The data in the nowcasting model include a variety of indicators of economic activity and of the evolution of the labour market, such as:
- labour force survey data
- administrative data on the labour market, such as registered unemployment
- up-to-date mobile phone data from Google Mobility Reports
- Oxford’s COVID‑19 Government Response Stringency Index
- data on the incidence of COVID-19
Given the exceptional situation, including the scarcity of relevant data, the estimates are subject to a substantial amount of uncertainty. The unprecedented labour market shock created by the COVID-19 pandemic is difficult to assess by benchmarking against historical data. Furthermore, at the time of estimation, consistent time series of readily available and timely high-frequency indicators are still relatively scarce. These limitations result in a high overall degree of uncertainty. For these reasons, the estimates are subject to regular updates and revision.

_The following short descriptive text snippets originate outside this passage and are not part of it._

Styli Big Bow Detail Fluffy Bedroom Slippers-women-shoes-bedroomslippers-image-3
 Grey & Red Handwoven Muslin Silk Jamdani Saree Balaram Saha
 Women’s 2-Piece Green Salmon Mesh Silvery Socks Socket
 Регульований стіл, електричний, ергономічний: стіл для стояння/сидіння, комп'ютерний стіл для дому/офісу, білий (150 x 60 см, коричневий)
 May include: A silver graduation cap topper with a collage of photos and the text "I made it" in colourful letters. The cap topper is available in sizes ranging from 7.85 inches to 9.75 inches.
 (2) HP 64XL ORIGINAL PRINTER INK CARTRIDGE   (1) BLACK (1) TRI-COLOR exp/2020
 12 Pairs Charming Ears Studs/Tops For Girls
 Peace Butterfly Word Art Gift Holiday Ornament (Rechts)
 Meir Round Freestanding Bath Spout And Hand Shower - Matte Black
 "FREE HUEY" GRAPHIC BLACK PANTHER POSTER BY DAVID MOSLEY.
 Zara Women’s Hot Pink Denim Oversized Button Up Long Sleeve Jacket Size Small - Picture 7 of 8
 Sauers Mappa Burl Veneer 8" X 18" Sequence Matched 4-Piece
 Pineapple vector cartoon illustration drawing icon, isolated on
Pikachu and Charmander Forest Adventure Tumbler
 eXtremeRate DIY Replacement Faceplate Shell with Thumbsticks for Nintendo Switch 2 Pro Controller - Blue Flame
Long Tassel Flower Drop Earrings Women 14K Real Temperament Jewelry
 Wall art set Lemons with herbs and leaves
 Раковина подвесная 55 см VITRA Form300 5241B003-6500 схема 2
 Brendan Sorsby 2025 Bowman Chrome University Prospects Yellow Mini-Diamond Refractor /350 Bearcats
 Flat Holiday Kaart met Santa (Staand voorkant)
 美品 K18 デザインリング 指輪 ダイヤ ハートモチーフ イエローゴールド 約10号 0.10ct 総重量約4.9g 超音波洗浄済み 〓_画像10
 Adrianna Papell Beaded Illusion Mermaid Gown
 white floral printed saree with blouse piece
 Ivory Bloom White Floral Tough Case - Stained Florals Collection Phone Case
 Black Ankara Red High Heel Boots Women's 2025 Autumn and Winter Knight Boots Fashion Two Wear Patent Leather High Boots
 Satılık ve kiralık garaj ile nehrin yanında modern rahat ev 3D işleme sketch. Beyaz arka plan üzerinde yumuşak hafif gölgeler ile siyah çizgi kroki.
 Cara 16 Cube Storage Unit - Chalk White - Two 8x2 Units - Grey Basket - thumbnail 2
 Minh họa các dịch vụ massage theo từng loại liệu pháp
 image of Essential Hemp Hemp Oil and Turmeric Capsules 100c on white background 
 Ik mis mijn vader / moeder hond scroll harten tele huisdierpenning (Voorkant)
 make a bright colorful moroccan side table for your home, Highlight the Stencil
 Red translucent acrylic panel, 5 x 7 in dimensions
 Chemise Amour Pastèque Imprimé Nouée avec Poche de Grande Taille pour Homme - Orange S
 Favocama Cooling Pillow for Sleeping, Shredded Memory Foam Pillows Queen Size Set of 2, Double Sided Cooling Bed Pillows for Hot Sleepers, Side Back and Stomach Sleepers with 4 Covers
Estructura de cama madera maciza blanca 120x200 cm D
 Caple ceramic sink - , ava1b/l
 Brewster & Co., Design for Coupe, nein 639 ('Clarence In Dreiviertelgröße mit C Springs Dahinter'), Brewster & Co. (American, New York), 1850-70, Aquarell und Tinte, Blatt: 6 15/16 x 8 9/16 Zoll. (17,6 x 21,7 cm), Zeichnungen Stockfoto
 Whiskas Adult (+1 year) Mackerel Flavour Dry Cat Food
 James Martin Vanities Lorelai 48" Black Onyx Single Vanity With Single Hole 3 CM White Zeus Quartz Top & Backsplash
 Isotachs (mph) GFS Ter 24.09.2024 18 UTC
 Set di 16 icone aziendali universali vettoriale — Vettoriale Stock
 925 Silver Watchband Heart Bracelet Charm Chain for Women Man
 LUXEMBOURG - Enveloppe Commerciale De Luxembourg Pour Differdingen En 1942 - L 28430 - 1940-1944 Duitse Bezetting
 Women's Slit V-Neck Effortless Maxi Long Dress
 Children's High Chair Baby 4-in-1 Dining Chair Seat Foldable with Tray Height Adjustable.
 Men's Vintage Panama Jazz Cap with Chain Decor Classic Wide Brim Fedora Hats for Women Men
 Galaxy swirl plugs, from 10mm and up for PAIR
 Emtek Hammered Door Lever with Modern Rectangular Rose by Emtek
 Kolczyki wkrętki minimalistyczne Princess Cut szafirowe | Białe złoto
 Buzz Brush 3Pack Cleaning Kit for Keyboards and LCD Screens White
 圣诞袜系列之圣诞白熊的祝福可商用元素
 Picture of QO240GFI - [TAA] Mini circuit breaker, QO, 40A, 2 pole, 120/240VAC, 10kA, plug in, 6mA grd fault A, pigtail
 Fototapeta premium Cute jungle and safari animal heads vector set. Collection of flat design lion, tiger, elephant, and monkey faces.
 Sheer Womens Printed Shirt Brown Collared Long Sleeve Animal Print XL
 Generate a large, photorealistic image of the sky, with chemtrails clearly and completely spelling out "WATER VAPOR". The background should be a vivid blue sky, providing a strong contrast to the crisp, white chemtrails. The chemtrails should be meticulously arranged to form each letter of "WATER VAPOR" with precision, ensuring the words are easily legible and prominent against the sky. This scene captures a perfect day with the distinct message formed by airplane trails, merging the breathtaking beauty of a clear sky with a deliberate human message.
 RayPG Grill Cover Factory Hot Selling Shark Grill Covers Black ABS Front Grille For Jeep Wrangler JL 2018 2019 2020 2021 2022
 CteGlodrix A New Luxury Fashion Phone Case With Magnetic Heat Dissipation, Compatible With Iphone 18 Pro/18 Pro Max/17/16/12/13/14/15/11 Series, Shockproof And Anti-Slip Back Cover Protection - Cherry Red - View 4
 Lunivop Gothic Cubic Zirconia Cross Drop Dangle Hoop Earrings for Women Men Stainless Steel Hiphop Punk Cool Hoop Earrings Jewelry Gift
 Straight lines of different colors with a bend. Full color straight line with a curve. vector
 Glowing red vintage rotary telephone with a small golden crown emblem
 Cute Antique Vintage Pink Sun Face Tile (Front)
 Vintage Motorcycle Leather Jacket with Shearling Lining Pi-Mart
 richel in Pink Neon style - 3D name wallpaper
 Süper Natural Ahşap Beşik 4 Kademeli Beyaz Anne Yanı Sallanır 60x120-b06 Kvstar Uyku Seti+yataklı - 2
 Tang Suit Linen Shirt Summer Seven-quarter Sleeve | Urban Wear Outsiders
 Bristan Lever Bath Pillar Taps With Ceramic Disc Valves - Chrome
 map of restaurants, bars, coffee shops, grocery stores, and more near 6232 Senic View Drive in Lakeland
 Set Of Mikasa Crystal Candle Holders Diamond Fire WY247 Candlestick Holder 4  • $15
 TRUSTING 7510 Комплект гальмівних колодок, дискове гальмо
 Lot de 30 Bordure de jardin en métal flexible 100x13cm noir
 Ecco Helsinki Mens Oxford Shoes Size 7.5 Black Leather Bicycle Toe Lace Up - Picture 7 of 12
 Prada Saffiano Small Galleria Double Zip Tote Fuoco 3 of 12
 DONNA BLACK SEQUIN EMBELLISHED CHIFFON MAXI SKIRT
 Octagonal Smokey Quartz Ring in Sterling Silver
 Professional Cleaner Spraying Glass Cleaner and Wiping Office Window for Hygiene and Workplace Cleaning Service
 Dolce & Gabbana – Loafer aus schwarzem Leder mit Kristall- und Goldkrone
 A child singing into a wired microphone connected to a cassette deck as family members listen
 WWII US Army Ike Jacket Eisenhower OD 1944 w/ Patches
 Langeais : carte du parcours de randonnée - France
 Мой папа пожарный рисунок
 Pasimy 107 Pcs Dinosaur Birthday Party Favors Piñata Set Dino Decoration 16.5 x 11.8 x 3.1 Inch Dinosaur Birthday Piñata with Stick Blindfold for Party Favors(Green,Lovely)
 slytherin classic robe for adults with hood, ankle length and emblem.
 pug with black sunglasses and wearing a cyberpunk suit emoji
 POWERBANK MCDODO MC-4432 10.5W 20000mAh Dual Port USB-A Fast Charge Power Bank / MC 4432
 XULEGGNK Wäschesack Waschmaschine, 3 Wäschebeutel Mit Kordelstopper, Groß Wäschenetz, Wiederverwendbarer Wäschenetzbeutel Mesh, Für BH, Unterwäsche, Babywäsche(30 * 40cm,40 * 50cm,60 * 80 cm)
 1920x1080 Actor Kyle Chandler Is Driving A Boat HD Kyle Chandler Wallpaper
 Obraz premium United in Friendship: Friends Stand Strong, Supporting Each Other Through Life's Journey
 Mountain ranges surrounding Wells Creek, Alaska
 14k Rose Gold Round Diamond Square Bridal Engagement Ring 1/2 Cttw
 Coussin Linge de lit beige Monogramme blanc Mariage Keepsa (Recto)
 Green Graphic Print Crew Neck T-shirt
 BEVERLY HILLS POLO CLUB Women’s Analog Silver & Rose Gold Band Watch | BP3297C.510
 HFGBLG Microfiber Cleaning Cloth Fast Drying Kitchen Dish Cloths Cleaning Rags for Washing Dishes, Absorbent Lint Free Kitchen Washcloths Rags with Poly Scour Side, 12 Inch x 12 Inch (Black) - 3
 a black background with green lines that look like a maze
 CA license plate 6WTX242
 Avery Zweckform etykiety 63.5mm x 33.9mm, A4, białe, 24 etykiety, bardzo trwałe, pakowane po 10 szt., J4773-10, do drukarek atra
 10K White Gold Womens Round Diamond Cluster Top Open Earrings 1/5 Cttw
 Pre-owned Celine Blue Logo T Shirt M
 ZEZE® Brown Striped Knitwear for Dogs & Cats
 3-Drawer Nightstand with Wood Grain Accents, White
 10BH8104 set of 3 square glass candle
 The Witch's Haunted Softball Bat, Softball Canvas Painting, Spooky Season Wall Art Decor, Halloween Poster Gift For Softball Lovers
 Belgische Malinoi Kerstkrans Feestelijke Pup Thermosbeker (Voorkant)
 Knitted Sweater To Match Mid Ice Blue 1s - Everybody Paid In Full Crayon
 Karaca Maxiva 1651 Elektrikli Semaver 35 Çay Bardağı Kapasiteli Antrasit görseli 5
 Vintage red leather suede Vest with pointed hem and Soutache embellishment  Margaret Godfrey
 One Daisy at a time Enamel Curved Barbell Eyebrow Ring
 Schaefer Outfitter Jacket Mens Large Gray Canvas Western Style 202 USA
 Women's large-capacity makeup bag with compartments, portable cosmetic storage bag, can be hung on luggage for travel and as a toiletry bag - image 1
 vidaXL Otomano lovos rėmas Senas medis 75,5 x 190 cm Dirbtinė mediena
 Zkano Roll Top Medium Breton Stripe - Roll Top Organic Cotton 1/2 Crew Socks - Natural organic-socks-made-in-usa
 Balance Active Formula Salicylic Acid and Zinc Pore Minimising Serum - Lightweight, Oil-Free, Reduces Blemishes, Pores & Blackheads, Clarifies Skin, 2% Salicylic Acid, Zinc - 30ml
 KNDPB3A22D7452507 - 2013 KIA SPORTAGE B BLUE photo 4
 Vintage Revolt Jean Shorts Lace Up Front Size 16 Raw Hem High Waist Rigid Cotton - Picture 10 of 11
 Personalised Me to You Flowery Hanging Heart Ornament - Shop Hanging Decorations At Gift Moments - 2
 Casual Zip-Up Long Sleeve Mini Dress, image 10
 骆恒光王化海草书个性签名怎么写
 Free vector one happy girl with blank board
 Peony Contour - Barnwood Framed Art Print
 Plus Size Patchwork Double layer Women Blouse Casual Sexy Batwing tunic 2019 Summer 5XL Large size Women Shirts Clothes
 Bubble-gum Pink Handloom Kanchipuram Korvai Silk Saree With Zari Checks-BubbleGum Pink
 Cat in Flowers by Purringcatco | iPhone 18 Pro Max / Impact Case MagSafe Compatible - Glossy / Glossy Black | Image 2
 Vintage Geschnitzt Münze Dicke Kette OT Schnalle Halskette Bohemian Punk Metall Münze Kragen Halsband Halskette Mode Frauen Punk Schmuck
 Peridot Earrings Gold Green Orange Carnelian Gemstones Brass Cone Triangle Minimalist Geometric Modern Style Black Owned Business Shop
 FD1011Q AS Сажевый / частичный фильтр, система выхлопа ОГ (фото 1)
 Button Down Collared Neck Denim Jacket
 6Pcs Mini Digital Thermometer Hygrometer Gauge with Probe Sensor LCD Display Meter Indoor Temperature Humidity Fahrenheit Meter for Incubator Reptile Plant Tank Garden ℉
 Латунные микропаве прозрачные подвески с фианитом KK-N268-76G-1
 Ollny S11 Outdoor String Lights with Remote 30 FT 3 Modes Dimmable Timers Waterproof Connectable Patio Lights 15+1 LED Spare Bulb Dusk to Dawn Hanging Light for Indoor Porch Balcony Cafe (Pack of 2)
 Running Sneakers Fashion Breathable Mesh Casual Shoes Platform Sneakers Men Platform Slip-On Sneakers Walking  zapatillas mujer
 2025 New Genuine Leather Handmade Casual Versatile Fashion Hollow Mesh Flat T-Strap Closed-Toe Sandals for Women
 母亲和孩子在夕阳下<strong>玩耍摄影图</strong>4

For more information on the modelling technique, refer to the annexes of ILO Monitor: COVID-19 and the world of work.
Labour income share and distribution
The Labour Income Share and Distribution dataset covers 189 countries as well as global and regional aggregates. The data are based on the ILO Harmonized Microdata collection. In order to produce consistent time series for all countries, statistical models are used to extrapolate and impute missing data points. The dataset contains two key indicators: the labour income share and the labour income distribution, following the recommendation of the ILO Global Commission on the Future of Work to develop new distributional indicators. Furthermore, the new internationally comparable labour share data will be used to monitor progress towards the United Nations’ Sustainable Development Goals.
Wage growth rates
The methodology to estimate global and regional wage trends was developed by the ILO for the previous editions of the Global Wage Report (GWR) in collaboration between technical departments and the Department of Statistics, following four peer reviews conducted by five independent experts. The appendix of the GWR describes the methodology adopted as a result of this process.
In 2015, the ILO developed a methodology for generating global and regional estimates of international migrant workers and issued the first edition of ILO global estimates on migrant workers: Results and methodology, including global and regional estimates of international migrant workers and international migrant domestic workers, with reference year 2013.